Denpasar pada mulanya adalah sebuah taman. Taman tersebut tidak seperti taman pada umumnya, karena menjadi taman kesayangan dari Raja Badung saat itu, Kyai Jambe Ksatrya. Pada waktu itu, Kyai Jambe Ksatrya tinggal di Puri Jambe Ksatrya, yang kini menjadi Pasar Satria. Taman ini unik, karena dilengkapi dengan tempat untuk bermain adu ayam (tajen). Hobi Kyai Jambe Ksatrya adalah bermain adu ayam, oleh karena itu tidak jarang sang raja mengundang raja-raja lainnya di Bali untuk bermain adu ayam di taman tersebut.[10][11]

Sebelumnya kawasan ini merupakan bagian dari Kerajaan Badung, sebuah Kerajaan Hindu Majapahit yang berdiri sejak abad ke-18 s.d abad ke-19, sebelum kerajaan tersebut ditundukan oleh Belanda pada tanggal 20 September 1906, dalam sebuah peristiwa heroik yang dikenal dengan Perang Puputan Badung.[12]

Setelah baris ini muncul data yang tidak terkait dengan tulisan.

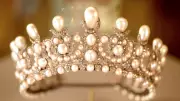 Paris Prosecutor Reveals: Stolen Louvre Jewellery Worth ₹85 Crore - Can Thieves Actually Sell It?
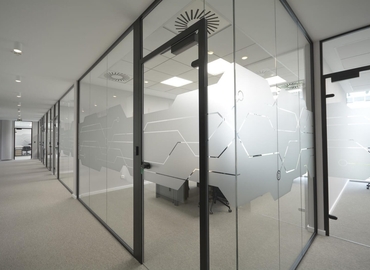 40 m² Business space property for rent in Belgrade, Bulevar Milutina Milankovića 11g (11001) - 3 | MatchOffice.com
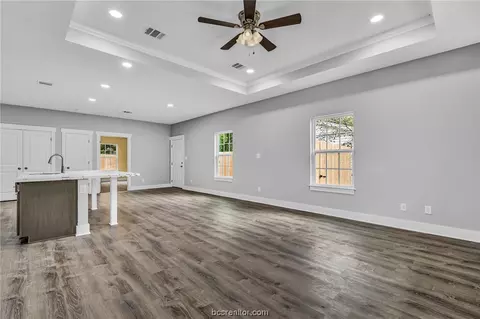 1200 Clark St, Bryan, TX 77808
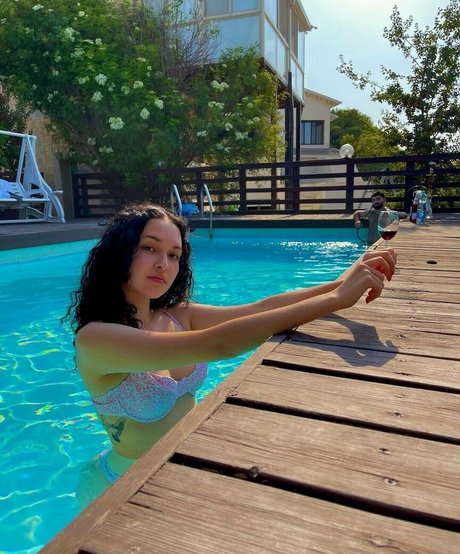 Emily Cos porn onlyfans leak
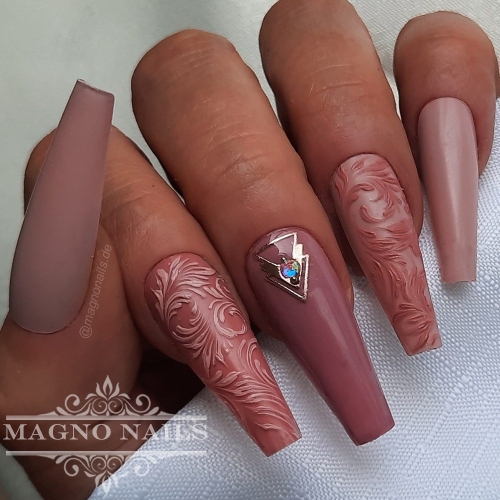 Preview: Nude Beige Schnörkel Herbstnägel Autumn Nageldesign Ideen Nägelideen passende Muster Herbst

Secara administratif pemerintahan kota ini terdiri dari 4 kecamatan, 43 kelurahan dengan 209 dusun. Saat ini pemerintah Kota Denpasar telah mengembangkan berbagai inovasi dalam meningkatkan layanan kepada masyarakatnya, diantaranya mulai membenahi sistem administrasi kependudukannya.[22][23]

Kota Denpasar terdiri dari 4 kecamatan, 16 kelurahan, dan 27 desa. Pada tahun 2017, jumlah penduduknya mencapai 638.548 jiwa dengan luas wilayah 127,78 km² dan sebaran penduduk 4.997 jiwa/km².[24][25]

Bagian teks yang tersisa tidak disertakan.